Davalı tarafın mahkememiz dosyası üzerinden karşı dava açıldığı ancak karşı davanın arabuluculuk başvurusu yapılmadan açıldığı anlaşılmakla dosyamız tefrik edilerek mahkememizin —————-karar sayılı dosyasına kayıt edilmiştir
Davaya konu edilen ————– ve ——- üzerindeki imzaların davalı şirket yetkilisine ait olduğu yapılan yargılama neticesinde anlaşılmakla davacı ve davalı yanın tacir oldukları ve basiretli davranma yükümlülükleri gözetildiğinde—- tarihli ek protokol hükümleri uyanıca protokolde imzası bulunan tarafların üstlendikleri edimleri yerine getirmek durumun da oldukları gözetildiğinde davacı tarafın davalı taraftan takip tarihi itibariyle, taraflar arasında imzalanan ——– bulunduğu ayrıca protokolün 7. maddesi incelenmekle söz konusu maddenin protokolde belirtilen borcu herhangi bir şarta bağladığı anlamı da taşımadığı gözetildiğinde ve TBK 97 maddesi uyarınca taraflara karşılıklı borç yükleyen sözleşmelerde karşı edimin yerine getirilmemesi halinde talep halinde ödemezlik definin gündeme gelebileceği ancak uyuşmazlık konusu protokol hükümleri incelendiğinde davalı tarafın tek taraflı olarak borç miktarı ve ödeme tarihlerini kabul ettiği anlaşılmakla somut olayda ödemezlik definin söz konusu olmayacağı kanaatiyle usul ve yasaya uygun bilirkişi raporları hükme esas alınarak yukarıda izah edilen tüm nedenlerle açılan iş bu davanın kabulüne karar vermek gerekmiştir.
———–. sayılı ilamı )
İcra ve İflas Kanununun 67.maddesinin 2.fıkrası gereğince, icra tazminatına hükmedilebilmesi için, borçlunun takip sırasında ödeme emrine itiraz etmesi ve alacaklının alacağını mahkemede dava ederek haklı çıkması yasal koşullardandır.
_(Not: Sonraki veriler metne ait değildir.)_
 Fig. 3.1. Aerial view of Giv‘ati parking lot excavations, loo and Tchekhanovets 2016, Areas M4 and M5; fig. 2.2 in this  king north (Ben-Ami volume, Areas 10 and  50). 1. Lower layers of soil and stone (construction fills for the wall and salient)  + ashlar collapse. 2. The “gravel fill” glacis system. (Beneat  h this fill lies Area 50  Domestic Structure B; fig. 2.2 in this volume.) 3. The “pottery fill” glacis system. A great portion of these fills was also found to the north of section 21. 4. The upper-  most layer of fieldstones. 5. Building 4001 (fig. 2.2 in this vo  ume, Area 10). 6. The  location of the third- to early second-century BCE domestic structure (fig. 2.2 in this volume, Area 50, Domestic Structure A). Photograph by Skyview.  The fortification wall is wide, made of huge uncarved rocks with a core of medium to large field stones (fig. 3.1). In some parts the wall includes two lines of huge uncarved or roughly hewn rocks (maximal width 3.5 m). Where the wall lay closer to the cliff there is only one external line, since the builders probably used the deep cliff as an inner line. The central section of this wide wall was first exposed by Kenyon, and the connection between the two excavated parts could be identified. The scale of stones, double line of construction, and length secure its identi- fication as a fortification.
Borçlunun itirazının kötüniyetli olması ise yasal koşul değildir. İcra inkar tazminatı, aleyhindeki icra takibine itiraz eden ve işin çabuk bitirilmesine engel olan borçluya karşı konulmuş bir yaptırımdır. Alacağın likit ve belli olması da gerekir. Alacağın gerçek miktarı belli, sabit veya borçlu tarafından belirlenebilmesi için bütün unsurlar bilinmekte ya da bilinmesi gerekmekte, böylece borçlu tarafından borcun tutarının tahkik ve tayini mümkün ise; başka bir ifadeyle borçlu yalnız başına ne kadar borçlu olduğunu tespit edebilir durumda ise, alacağın likit ve muayyen olduğunun kabulü zorunludur. Takip talebi ve bilirkişi raporu birlikte değerlendirildiğinde alacak likit olduğu anlaşılmakla asıl alacağın %20 si oranında icra inkar tazminatının davalının tahsiline ilişkin talebin kabulüne karar verilmiştir.
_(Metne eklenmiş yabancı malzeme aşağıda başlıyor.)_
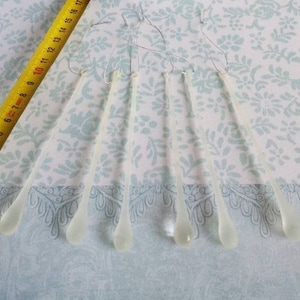 May include: Six clear, teardrop-shaped glass ornaments, each approximately 5 inches long, hang from thin wires. A yellow measuring tape is visible in the upper left corner. The ornaments are arranged on a light blue floral patterned fabric.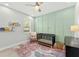 Charming Bedroom with a modern crib, green accent wall, and floral rug at 132 Rosa Bella Vw, Debary, FL 32713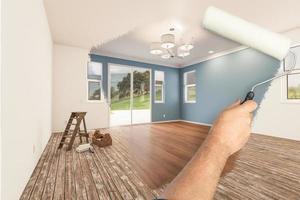 Before and After of Man Painting Roller to Reveal Newly Remodeled Room with Fresh Blue Paint and New Floors. photo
HÜKÜM : Gerekçesi yukarıda açıklandığı üzere;
1-DAVANIN KABULÜ İLE;
2——-Esas sayılı dosyasındaki alacak miktarına ilişkin davalı borçlu tarafından yapılan itirazın İİK 67. maddesi uyarınca iptaline, takibin devamına,
3-Kabulüne karar verilen asıl alacak miktarı %20 ‘si oranında icra inkar tazminatının davalıdan alınarak davacıya verilmesine,
4-Karar harcı 14.166,54 TL ‘den davacı tarafça 44,40 TL peşin harç ile 3.497,26 TL tamamlama harcı olmak üzere toplam 3.541,66‬ TL harçtan mahsubu ile bakiye 10.624,88 TL harcın davalı taraftan tahsili ile hazine adına irad kaydına,
5-Davacı tarafından yatırılan 44,40 TL başvurma harcı, 44,40 peşin harç ve 3.497,26 TL tamamlama harcı olmak üzere toplam 3.586,06‬ TL harcın davalıdan alınarak davacıya verilmesine,
6-Davacı tarafından yapılan tebligat, müzekkere gideri ve bilirkişi ücreti olmak üzere toplam 1.016,70 TL yargılama giderinin davalı taraftan tahsili ile davacı tarafa ödenmesine,
7-Davalı tarafından yapılan yargılama giderlerinin kendisi üzerinde bırakılmasına,
8-Davacı taraf kendisini vekille temsil ettirdiğinden karar tarihinde geçerli —– esaslara göre belirlenen 32.034,05 TL nispi vekalet ücretinin davalıdan alınarak davacıya verilmesine,
9-Arabuluculuk Kanunu’nun 18/A-(13) maddesi ve Hukuk Uyuşmazlıklarında Arabuluculuk Yönetmeliğinin 26/2 maddeleri — arabuluculuk ücretinin davalıdan tahsili ile hazineye irat kaydına,
10-Taraflarca dosyaya yatırılan ve sarf edilmeyen gider avansının karar kesinleştiğinde ilgili tarafa iadesine,
Dair davacı ve davalı vekilinin yüzüne karşı, kararın tebliğinden itibaren 2 haftalık süre içinde İstanbul Bölge Adliye Mahkemesinde istinaf yolu açık olmak üzere verilen karar, açıkça okunup, usulen anlatıldı.